Z perspektywy XXI wieku widać, że Polscy konstruktorzy popełnili karygodny błąd stawiając na Wilka.

Ale to nie było motywem artykułu. To nawet nie zostało wspomniane w artykule!!!


Natomiast co do szczegółów: Tak, Vulture, to - przynajmniej jeśli chodzi o wymiary główne silnika - nic innego, jak dwa Peregrine'y . Tak, kolejność powstawania duetu Vulture - Peregrine była inna niż Mars-Foka, ale chyba nie ma to nic do rzeczy. Tak, mało prawdopodobne, że Wilk z 440-konnymi Fokami osiągnąłby prędkość 520 km/h, ale Foki miał mieć znacznie większą moc, a Wilk osiągać znacznie mniejszą prędkość. Tak, Peregrine nie jest "mały" - przynajmniej w porównaniu do Foki. Ale ja napisałem tylko, że Peregrine jest "mniejszy od Vulture'a". Peregrine nigdy nie był konkurentem dla Merlina, czy raczej Merlin, nigdy nie był konkurentem dla Peregrine'a. (Odpowiedzią dlaczego, jest sygnatura Merlina - 'PV' co goście z R&R tłumaczyli jako "prywatne przedsięwzięcie".)


Jak to było z Peregrinem?

Pod koniec lat trzydziestych RAF chciała otrzymać docelowy, szybki, potężnie uzbrojony myśliwiec.
(Warto przypomnieć, że tzw. "specyfikacje" to - wbrew pozorom - nie wszystko, a jedynie wygania stawiane konkretnym samolotom!)
Z powodów pozamerytorycznych nowym, docelowym, potężnym myśliwcem miał być samolot produkowany przez Hawkera.
Miał on być napędzany 2000-konnym silnikiem i nazywać się Hawker Tornado.
Silnikiem dla Tornado miał być R&R Vulture (albo Napier Sabre - również 24-cylindrowe silnik rzędowy).

(Pod koniec lat trzydziestych RAF chciała otrzymać docelowy, szybki, potężnie uzbrojony bombowiec. Z powodów pozamerytorycznych miał nim być Avro Manchester... napędzany R&R Vulture.)

R&R Vulture był nadzieją RAF - drogą, skomplikowaną, potężną, zarezerwowaną dla sztandarowych programów zbrojeniowych.

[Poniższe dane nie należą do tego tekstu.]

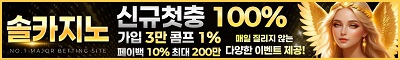 카지노사이트 솔카지노 스포츠토토365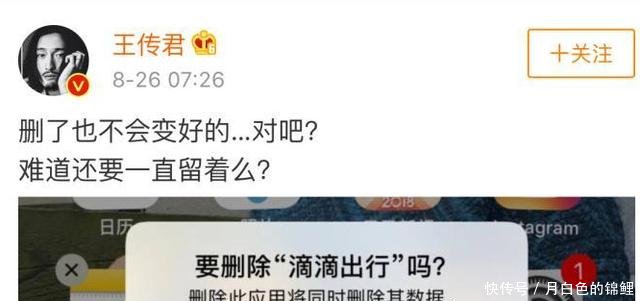 滴滴上热搜,章子怡,马思纯卸载滴滴软件保护自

Ze względu na "nawarstwienie się przejściowych trudności o obiektywnym charakterze" inne firmy dostały szanse na produkcję samolotów - Westland opracował szybki, potężnie uzbrojony myśliwiec, napędzany - zamiast jednym potężnym 24-cylindrowym potworem - dwoma 12-cylindrowymi silnikami Peregrine.

I - przynajmniej do wprowadzenia do służby Hawkera Tornado - to miał być podstawowy myśliwiec RAF.

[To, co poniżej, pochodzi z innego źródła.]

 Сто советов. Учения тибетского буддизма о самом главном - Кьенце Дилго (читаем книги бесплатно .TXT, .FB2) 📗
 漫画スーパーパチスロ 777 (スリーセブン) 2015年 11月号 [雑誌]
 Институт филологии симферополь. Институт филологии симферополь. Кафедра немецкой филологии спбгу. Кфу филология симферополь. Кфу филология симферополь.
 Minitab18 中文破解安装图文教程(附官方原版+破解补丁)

Tymczasem produkowano przejściowy samolot myśliwski wyposażony w przejściowy, prowizoryczny silnik - Spitfire'a z Merlinem.
Ze względu na opóźnienia w produkcji Tornado (nigdy się nie pojawił) oraz Westlanda Whirwinda (pojawił się już po bitwie nad Anglią) podstawowym brytyjskim myśliwcem został Spitfire (a podstawowym bombowcem - Lancaster. Oba napędzane "prowizorycznymi", raczej nie branymi na poważnie przez RAF-owskich planistów, Merlinami.

(No dobra, ostatecznie docelowym, potężnym myśliwcem, napędzanym 24-cylindrowym silnikiem został samolot produkowany przez Hawkera - Tempest)

Mam nadzieję, że teraz jest już jasne?
Marmik pisze:IMO ciężko uznać, że konstruktorzy postępowali według tej samej idei.
Zgodzę się ze stwierdzeniem, że projektanci rozważali/znali dwa sposoby na uzyskanie określonej prędkości tj. jeden mocniejszy silnik lub dwa słabsze
Być może ciężko uznać, że konstruktorzy postępowali według tej samej idei.
Zgodzę się ze stwierdzeniem, że projektanci rozważali/znali dwa sposoby na uzyskanie określonej prędkości tj. jeden mocniejszy silnik lub dwa słabsze...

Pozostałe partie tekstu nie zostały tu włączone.